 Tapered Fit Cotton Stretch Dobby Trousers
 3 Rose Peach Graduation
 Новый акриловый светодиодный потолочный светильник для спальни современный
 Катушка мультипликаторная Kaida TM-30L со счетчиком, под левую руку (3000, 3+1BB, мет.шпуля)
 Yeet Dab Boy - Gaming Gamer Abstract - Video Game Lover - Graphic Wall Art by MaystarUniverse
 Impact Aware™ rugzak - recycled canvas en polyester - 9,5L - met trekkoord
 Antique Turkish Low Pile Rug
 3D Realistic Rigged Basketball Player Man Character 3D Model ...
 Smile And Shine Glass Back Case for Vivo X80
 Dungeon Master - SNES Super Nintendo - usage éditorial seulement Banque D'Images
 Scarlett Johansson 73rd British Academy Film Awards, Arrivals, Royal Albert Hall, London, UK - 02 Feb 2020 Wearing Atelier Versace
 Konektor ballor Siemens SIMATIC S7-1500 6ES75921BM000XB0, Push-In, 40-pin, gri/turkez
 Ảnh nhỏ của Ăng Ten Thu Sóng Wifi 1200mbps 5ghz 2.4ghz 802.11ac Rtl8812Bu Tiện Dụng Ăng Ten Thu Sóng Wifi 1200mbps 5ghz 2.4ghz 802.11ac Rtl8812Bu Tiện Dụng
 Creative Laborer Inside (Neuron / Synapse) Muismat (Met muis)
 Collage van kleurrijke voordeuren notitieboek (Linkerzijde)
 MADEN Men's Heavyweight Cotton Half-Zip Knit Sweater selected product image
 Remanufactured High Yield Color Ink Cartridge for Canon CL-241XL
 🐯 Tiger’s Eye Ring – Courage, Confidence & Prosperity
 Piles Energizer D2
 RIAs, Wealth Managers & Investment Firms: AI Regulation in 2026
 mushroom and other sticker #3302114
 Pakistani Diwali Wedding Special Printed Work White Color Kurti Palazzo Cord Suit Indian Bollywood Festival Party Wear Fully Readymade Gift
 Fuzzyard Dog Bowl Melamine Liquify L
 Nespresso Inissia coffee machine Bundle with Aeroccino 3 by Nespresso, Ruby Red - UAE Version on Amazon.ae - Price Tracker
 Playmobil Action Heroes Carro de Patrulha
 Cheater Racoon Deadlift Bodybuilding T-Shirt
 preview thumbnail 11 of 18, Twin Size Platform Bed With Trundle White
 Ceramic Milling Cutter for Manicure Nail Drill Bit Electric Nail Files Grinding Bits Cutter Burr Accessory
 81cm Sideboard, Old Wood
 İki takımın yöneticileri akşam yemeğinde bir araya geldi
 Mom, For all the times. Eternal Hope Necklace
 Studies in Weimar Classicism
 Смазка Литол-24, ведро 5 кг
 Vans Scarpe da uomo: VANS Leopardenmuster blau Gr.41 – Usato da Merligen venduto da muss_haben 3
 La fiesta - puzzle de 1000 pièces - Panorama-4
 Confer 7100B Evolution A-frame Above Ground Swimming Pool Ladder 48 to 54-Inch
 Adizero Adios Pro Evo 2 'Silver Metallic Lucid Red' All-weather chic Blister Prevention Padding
^^^^^^^^
Problem requirements: Reproduce verbatim only the segment of the listing bounded by the line containing "Remanufactured High Yield" and the line containing "La fiesta - puzzle", with both boundary lines included.

Task output:
 Remanufactured High Yield Color Ink Cartridge for Canon CL-241XL
 🐯 Tiger’s Eye Ring – Courage, Confidence & Prosperity
 Piles Energizer D2
 RIAs, Wealth Managers & Investment Firms: AI Regulation in 2026
 mushroom and other sticker #3302114
 Pakistani Diwali Wedding Special Printed Work White Color Kurti Palazzo Cord Suit Indian Bollywood Festival Party Wear Fully Readymade Gift
 Fuzzyard Dog Bowl Melamine Liquify L
 Nespresso Inissia coffee machine Bundle with Aeroccino 3 by Nespresso, Ruby Red - UAE Version on Amazon.ae - Price Tracker
 Playmobil Action Heroes Carro de Patrulha
 Cheater Racoon Deadlift Bodybuilding T-Shirt
 preview thumbnail 11 of 18, Twin Size Platform Bed With Trundle White
 Ceramic Milling Cutter for Manicure Nail Drill Bit Electric Nail Files Grinding Bits Cutter Burr Accessory
 81cm Sideboard, Old Wood
 İki takımın yöneticileri akşam yemeğinde bir araya geldi
 Mom, For all the times. Eternal Hope Necklace
 Studies in Weimar Classicism
 Смазка Литол-24, ведро 5 кг
 Vans Scarpe da uomo: VANS Leopardenmuster blau Gr.41 – Usato da Merligen venduto da muss_haben 3
 La fiesta - puzzle de 1000 pièces - Panorama-4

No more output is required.